Radioactive: The Women of Three Mile Island is the title of a newly-released documentary feature film directed, written and produced by award-winning filmmaker Heidi Hutner, a professor of environmental humanities at Stony Brook University, a “flagship” school of the State University of New York.
With greatly compelling facts and interviews, she and her also highly talented production team have put together a masterpiece of a documentary film.
It connects the proverbial dots of the 1979 Three Mile Island nuclear plant disaster—doing so brilliantly.

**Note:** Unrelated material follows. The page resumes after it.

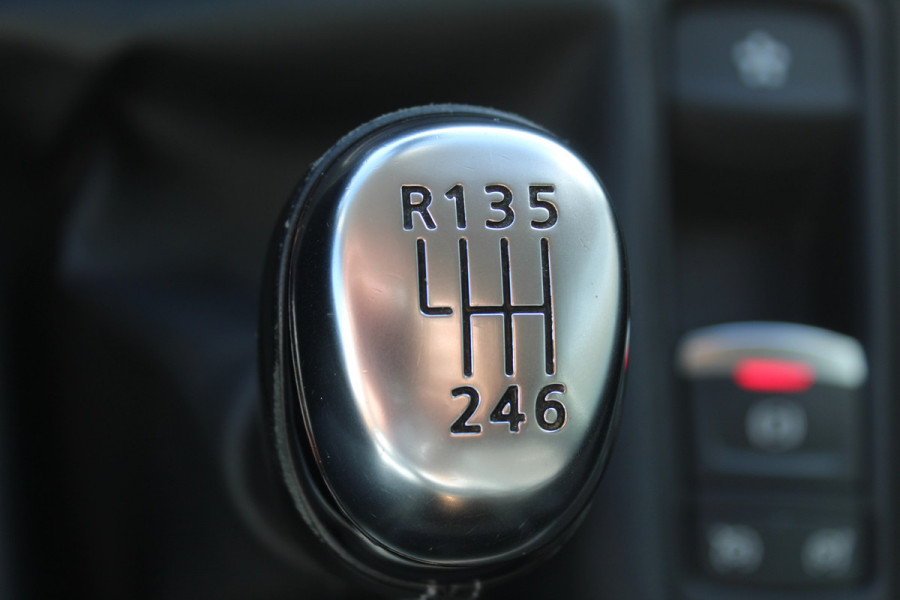 Renault Scénic 1.2 TCe Intens , Trekgewicht 1850kg Zeer nette hoog zitter , Climate  control , Navigatie , Cruis control Trekhaak , Parkeer sensoren V+A , AGR stoel bestuurder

The documentary has already received many film awards and has had screening in recent months in New York City—winning the “Audience Award for Best Documentary” at the Dances With Films Festival—and Harrisburg, Pennsylvania; Sarasota, Florida; Dubuque, Iowa; Long Island, New York; First Frame International Film Festival in New York City; the Environmental Film Festival in Washington D.C., and is soon be the featured film at Kat Kramer’s #SHEROESForChange Film Festival in Los Angeles and the Cinequest Film Festival in San Jose, California, as well as the Uranium Film Festival in Rio de Janeiro in Brazil. And there will be tours across the U.S.
Resident after resident of the area around Three Mile Island are interviewed and tell of the widespread cancer that has ensued in the years that have followed the accident—a cancer rate far beyond what would be normal. Accounts shared in the documentary are heartbreaking.
A whistleblower who had worked at the nuclear plant tells Hutner of the deliberate and comprehensive attempt by General Public Utilities, which owned TMI, to cover up the gravity of the accident and its radioactive releases especially of cancer-causing Iodine-131 and Xenon 133.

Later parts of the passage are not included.